Moving forward, the next course of progression then becomes the process of transitioning from the script to the illustration board.
Printing out the script, I take each page and roughly sketch out the action in each scene as plainly as possible right on the page. At this stage, the involvement of massive detail and crazy angles are not introduced as this becomes a rehearsal to work out poses, spatial relationships and the progression of action from panel to panel. The drawings at this stage are more or less doodles (scratches) that serve as mental notes/guides to direct the course of the thumbnails prior to the involvement of precise detail.
From this point, I proceed to the thumbnails/layout drawn in sets of four on sheets of 8 by 11 inch typing paper that have been quartered into the proportions of the final drawing sheet.

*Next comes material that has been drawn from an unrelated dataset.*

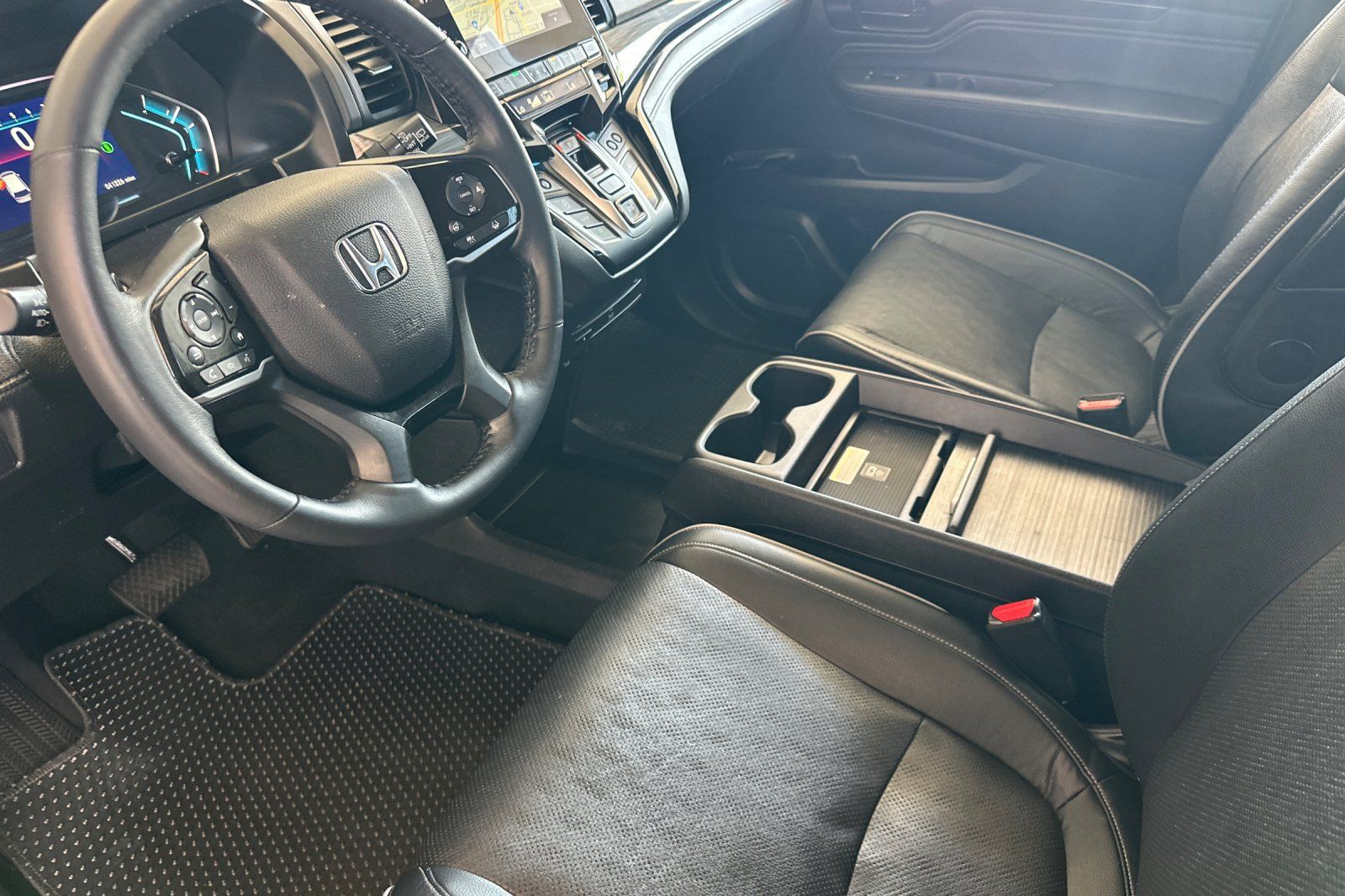 Used 2024 Honda Odyssey Elite image 7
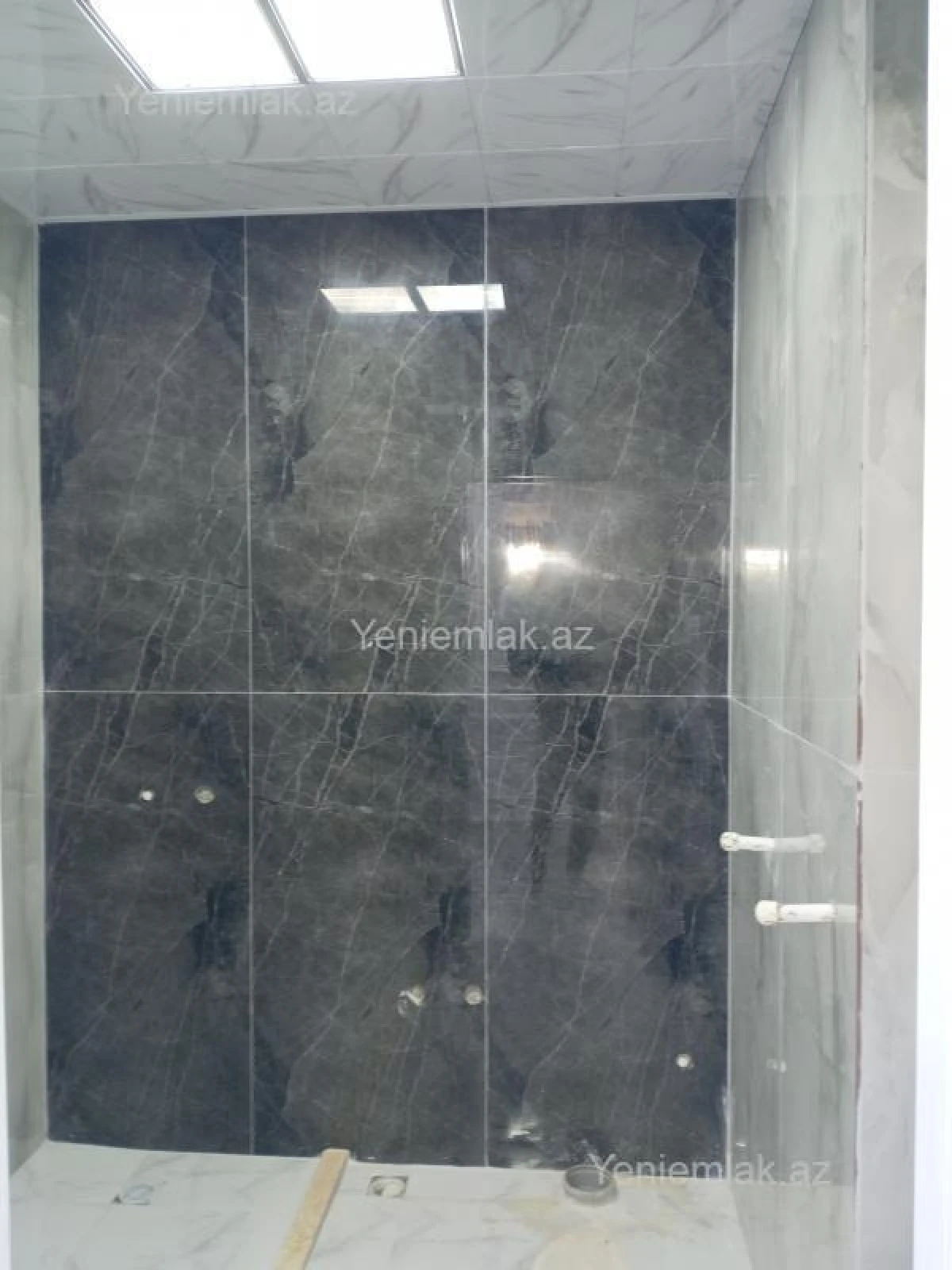 Satılır 3 otaqlı yeni tikili 95 m²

Upon close study of the sketches made on the script page, I meditate and visualize the best angles to execute or do I say ”shoot” each scene, floating the camera around each action in my mind, deciding afterwards, how best to arrange the panels in the most dynamic way possible.
The next stage then becomes the worked up illustration. While the process for this should normally involve enlarging the thumbnail and tracing using the light box, I have decided to scan the thumbnail, with the intention of doing the detailed illustrations digitally using the Wacom intuos tablet.
I’ve also opted to utilize photographic references for certain areas within these pages. The intention for this is to maintain some level of accuracy, realism, and also to help establish lighting and colour where the need to introduce colour arises. for most of the images within the panels. But prior to proceeding to that point, matching the thumbnail sketches with the individual scripts to observe that some level of consistency has been maintained comes to mind.